# [Task item]
Exclude the pictures and reproduce exactly the lines that run from the one holding "Black stretch polyester" to the end of the entries below.

---

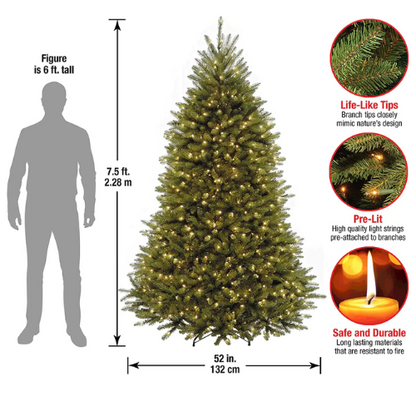 Árbol de Navidad plegable con luces 🎄 Árbol de Navidad plegable con luces 🎁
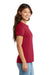 Port & Company LPC61 Womens Essential Short Sleeve Crewneck T-Shirt Red Model Side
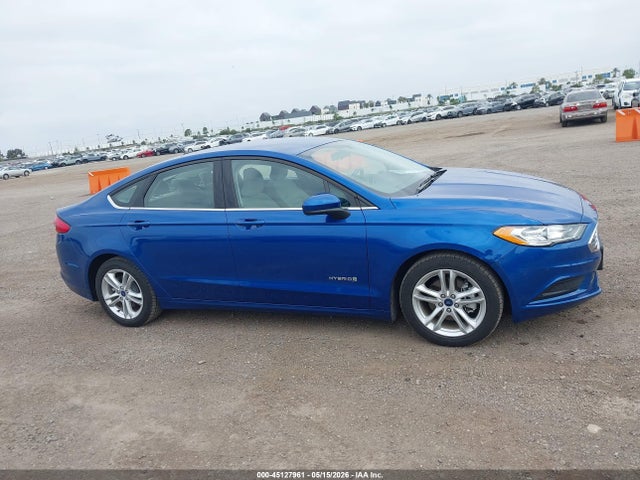 Aukcja sprzedaży 2018 Ford Fusion Hybrid S, vin: 3FA6P0UU6JR235772, numer aukcji: 45127961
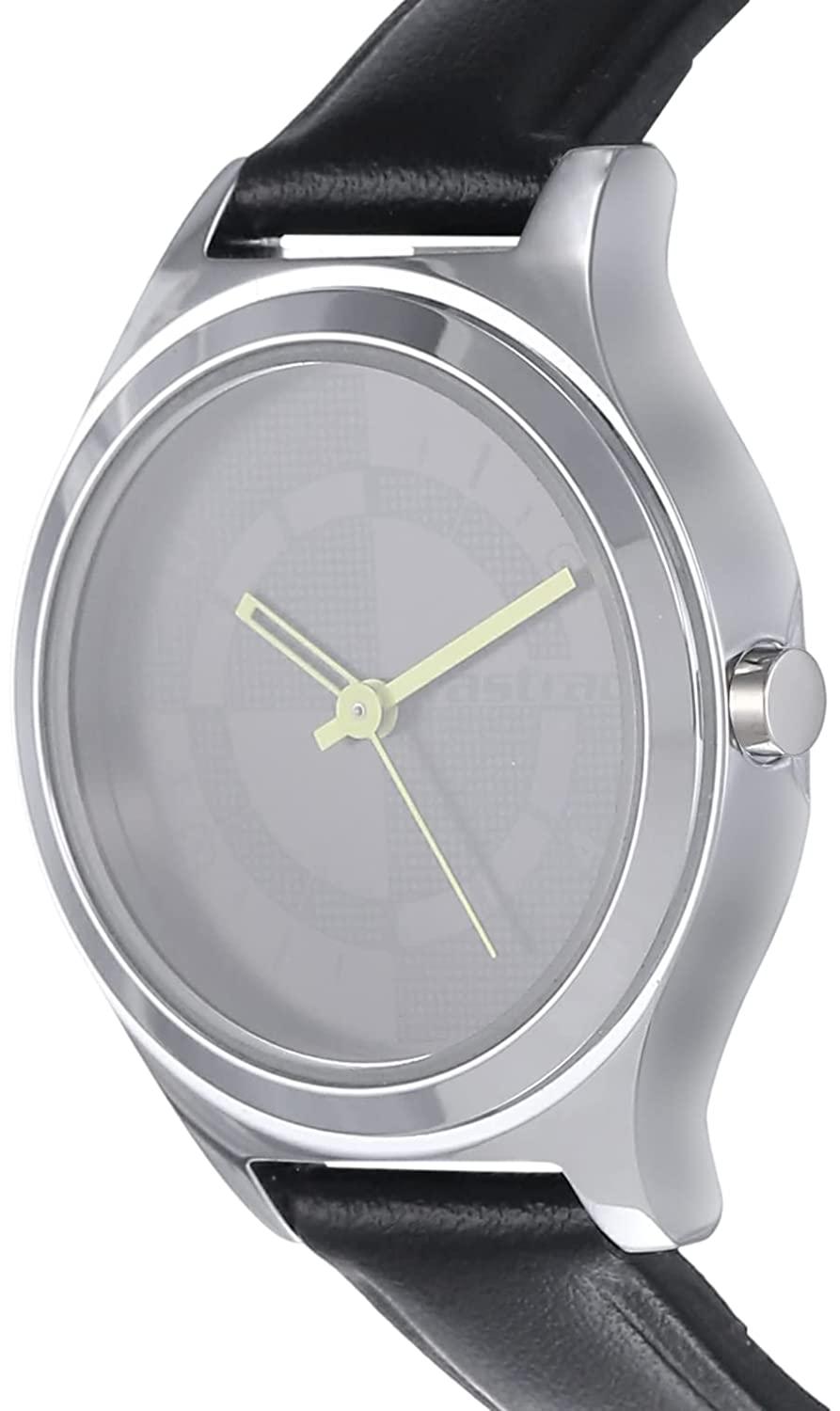 Fastrack Checkmate Black Dial & Leather Strap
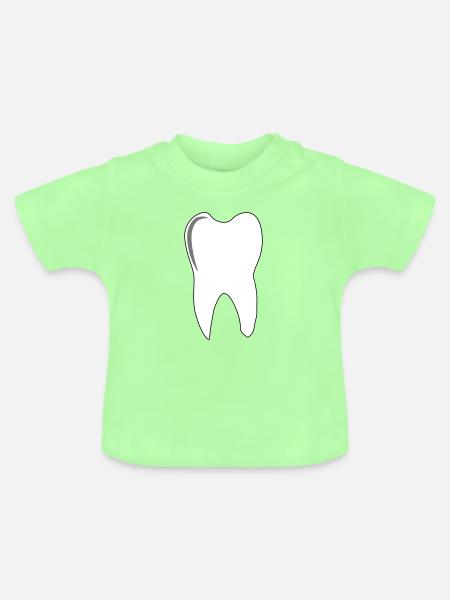 Backenzahn - Baby Bio-T-Shirt mit Rundhals - Mintgrün
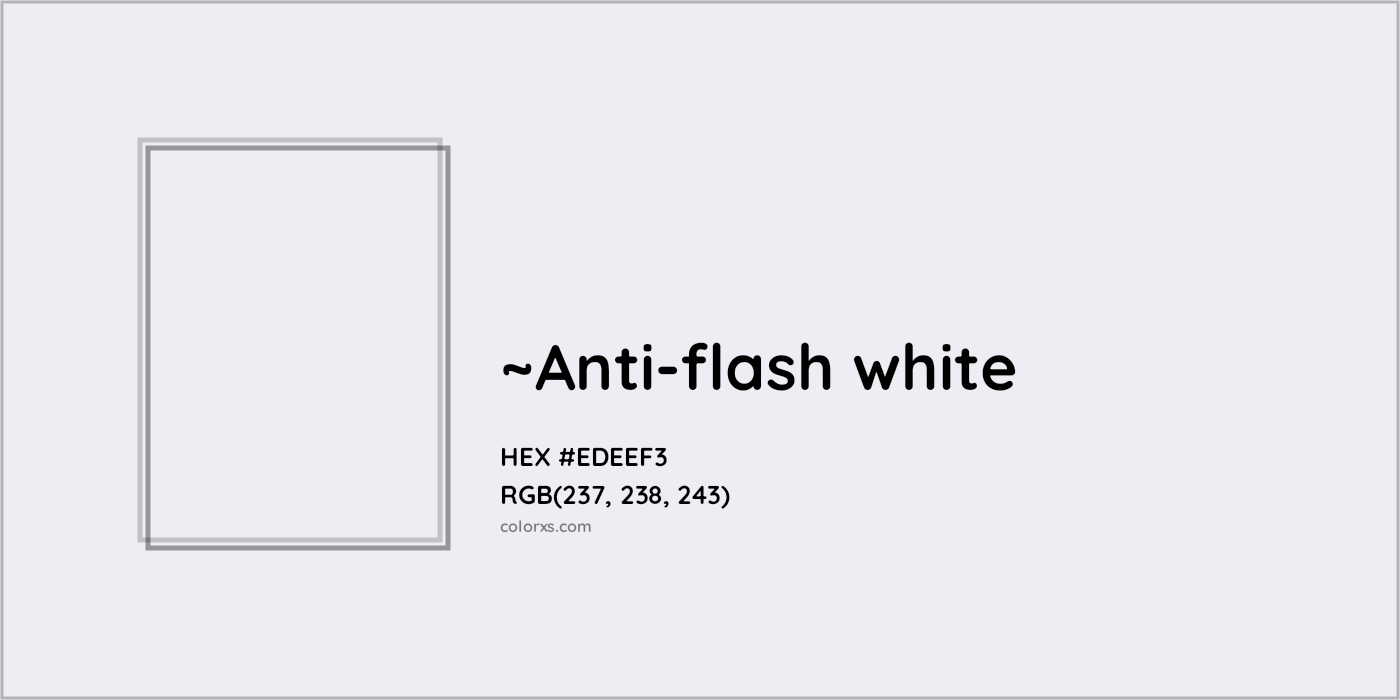 HEX #EDEEF3 Color Name, Color Code, Palettes, Similar Paints, Images
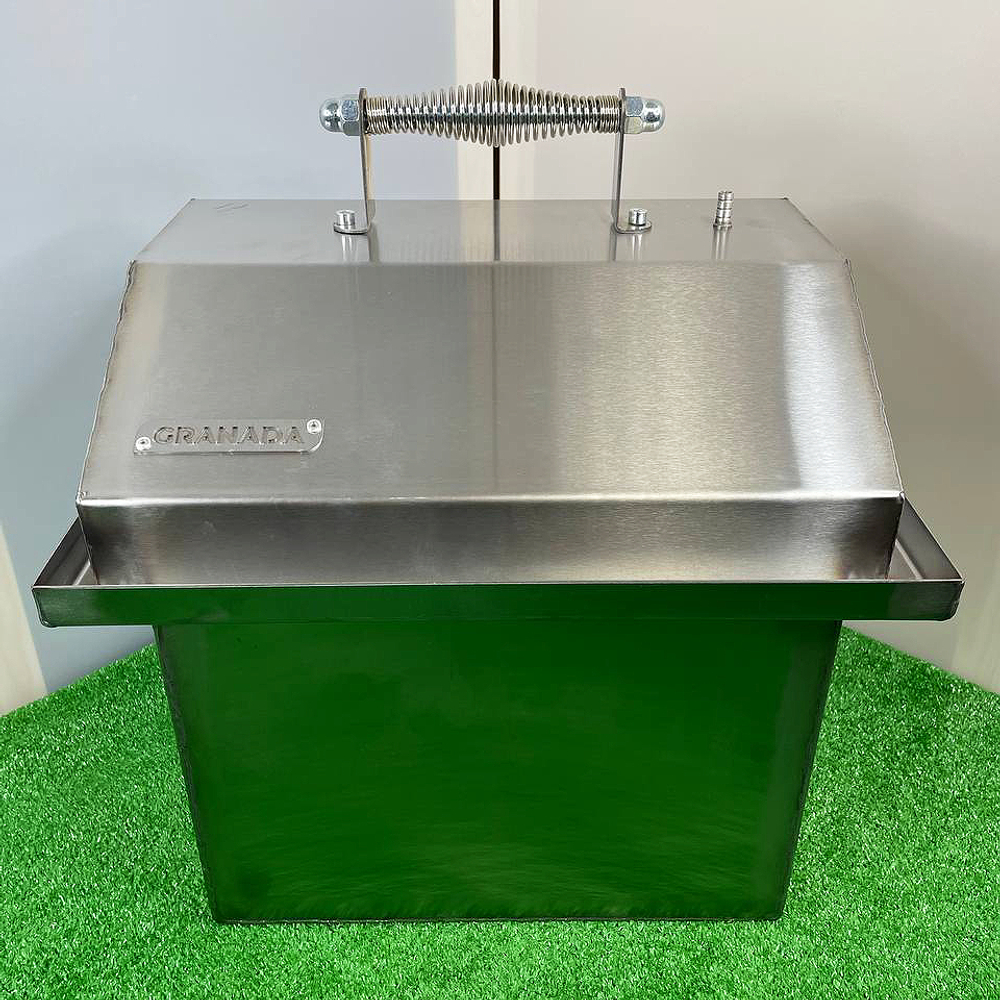 Коптильня Granada Silver Box Mini 380х380х400 мм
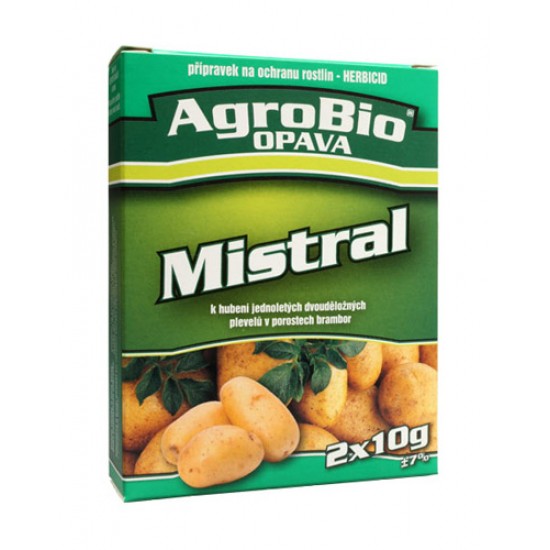 Prípravok proti burinám v zemiakoch AgroBio Mistral 2x10g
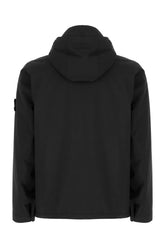 Black stretch polyester jacket -  | Wise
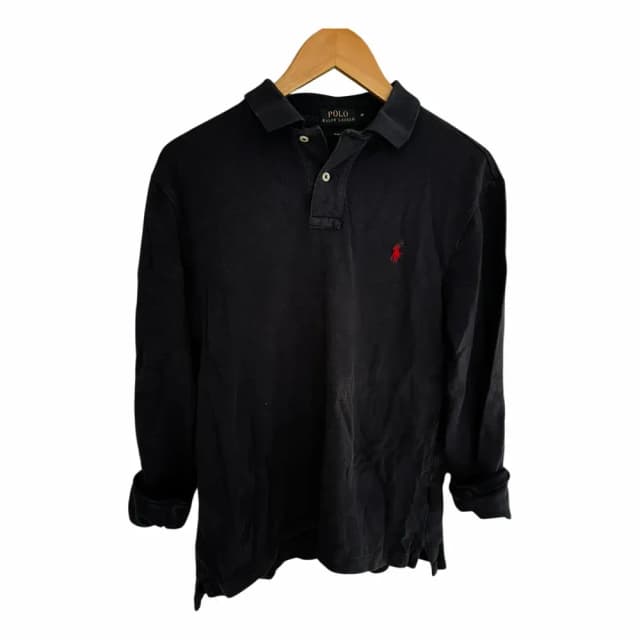 Ralph Lauren Custom Slim Fit Mesh Long-Sleeve Polo Shirt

---

# [Solved exercise]
 Black stretch polyester jacket -  | Wise
 Ralph Lauren Custom Slim Fit Mesh Long-Sleeve Polo Shirt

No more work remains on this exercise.